Aim of the task -> Before you write out the listing, remove the pictures; everything else stays exactly as it is.

Recorded data ->
╭──

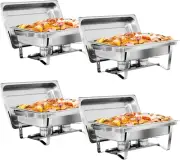 Newest 4 Pack 8QT Food Warmer, Rectangular Chafing Dish Buffet Set W/Foldable Fr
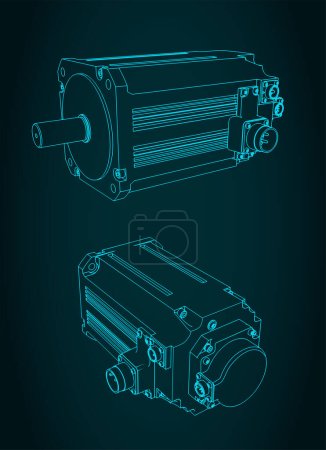 Illustration for Stylized vector illustration of isometric blueprint of DC servo motor - Royalty Free Image
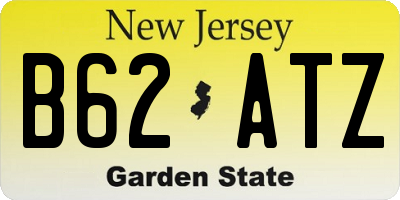 NJ license plate B62ATZ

╰──

Output of the task ->
 Newest 4 Pack 8QT Food Warmer, Rectangular Chafing Dish Buffet Set W/Foldable Fr
 Illustration for Stylized vector illustration of isometric blueprint of DC servo motor - Royalty Free Image
 NJ license plate B62ATZ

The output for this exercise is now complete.